Restr <- c("Alaska", "Ohio", "Arizona")

To make a new column with Yes/No labeling:

Presidentail.2020.State.Voting.Data$Restrict <- ifelse( Presidentail.2020.State.Voting.Data$Area %in% Restr, "Yes", "No)

Thank you, just organized!

Because I made a vector of the states that ARE RESTRICTIVE, do I need to do the same and make a separate vector for NONRESTRICTIVE states? or does the new column assume that those that are not labeled restrictive, automatically nonrestrictive?

The code I wrote makes a column named Restrict that has the value Yes if the Area is in the vector of restrictive states and it has the value No if it is not in the vector of restrictive states. Every Area is thus labelled as being in or out of the restrictive group. If there are only two possible kinds of Areas, this column labels for both of them.

Thank you so much! I've seem to run into another problem. I am trying to run a boxplot to indicate visually the difference between the restrictive and nonrestrictive states and their total voter turnout (TotalVotes) but I keep getting same error message - Error in x[floor(d)] + x[ceiling(d)] :
non-numeric argument to binary operator

Any ideas as to why?

Try using
Presidentail.2020.State.Voting.Data$Votes ~ Presidentail.2020.State.Voting.Data$Area
in your call to boxplot().

This error message popped up.
Error in stats::model.frame.default(formula = Fixed.Presidential.2020.State.Voting.Data$Votes ~ :
invalid type (NULL) for variable 'Fixed.Presidential.2020.State.Voting.Data$Votes'

Apparently there is not a column named Votes. Looking at a previous image, I am guessing that it is called TotalVotes. In any case, use the name of the column storing the number of votes.

boxplot(Fixed.Presidential.2020.State.Voting.Data$TotalVotes ~ Fixed.Presidential.2020.State.Voting.Data$Area,

  •     horizontal = TRUE,
    
  •     main = "Total Votes by Restrictive State", 
    
  •     xlab = "Total Votes", 
    
  •     ylab = "Restrictive State") #Generate grouped boxplots of total votes (TotalVotes) by State (Restrictive)
    

Error in x[floor(d)] + x[ceiling(d)] :
non-numeric argument to binary operator

Still getting the error

Looking at your original image, It looks like TotalVotes has commas as the thousands separator. This will cause the values to be read as characters. You can check this with the str() function which shows, among other things, the type of data in each column. Is TotalVotes of the type chr or num?

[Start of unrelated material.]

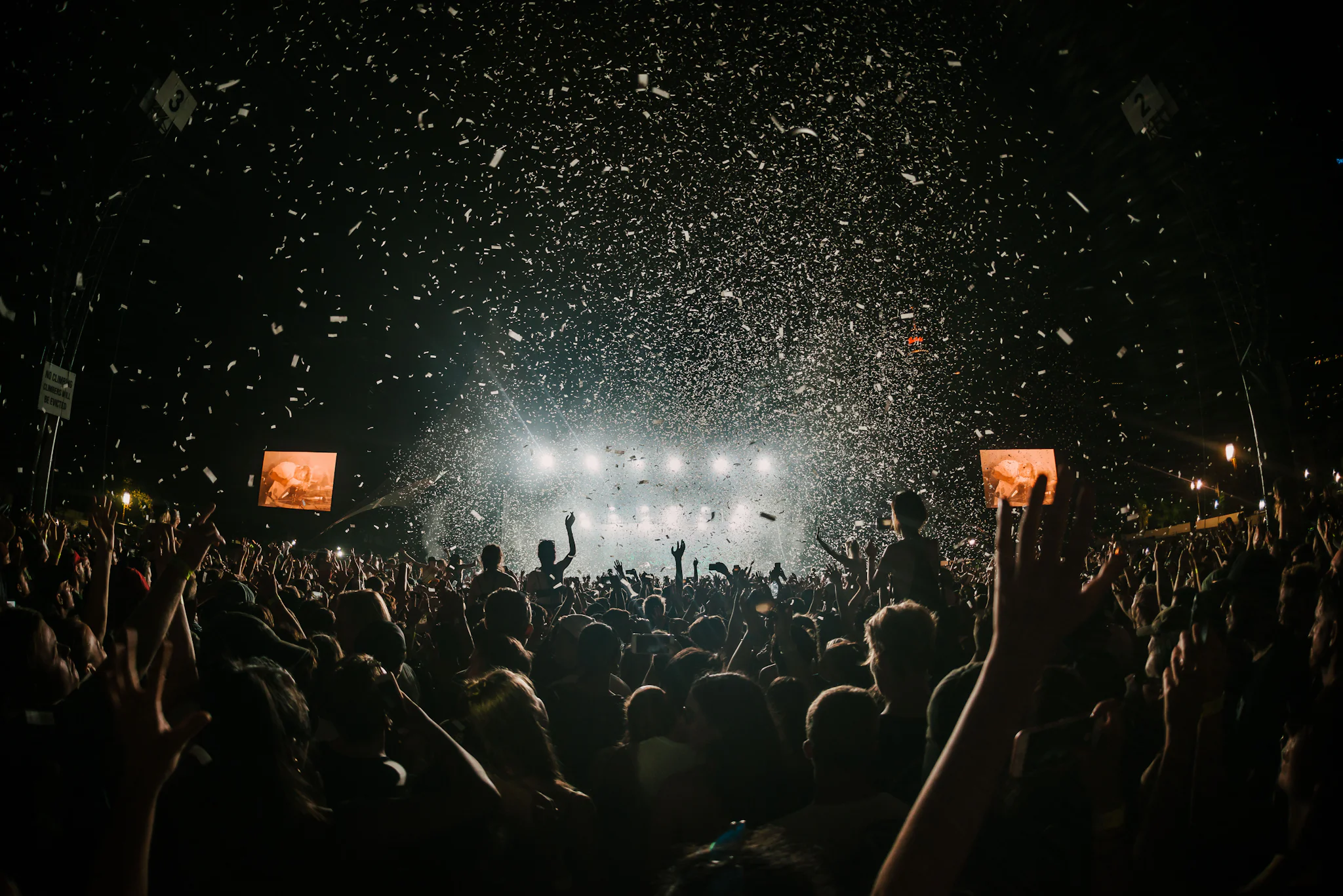 Público lotado em festival noturno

str(Fixed.Presidential.2020.State.Voting.Data$TotalVotes)

If it is of the type chr, you can fix that with the parse_number function from the readr package.

library(readr)
Fixed.Presidential.2020.State.Voting.Data$TotalVotes <- parse_number(Fixed.Presidential.2020.State.Voting.Data$TotalVotes)

Finally, I am not sure a box plot makes sense for your data. Does each Area only appear once in the data set? If so, a boxplot is not appropriate. A bar plot would be better, using barplot() or the ggplot2 package.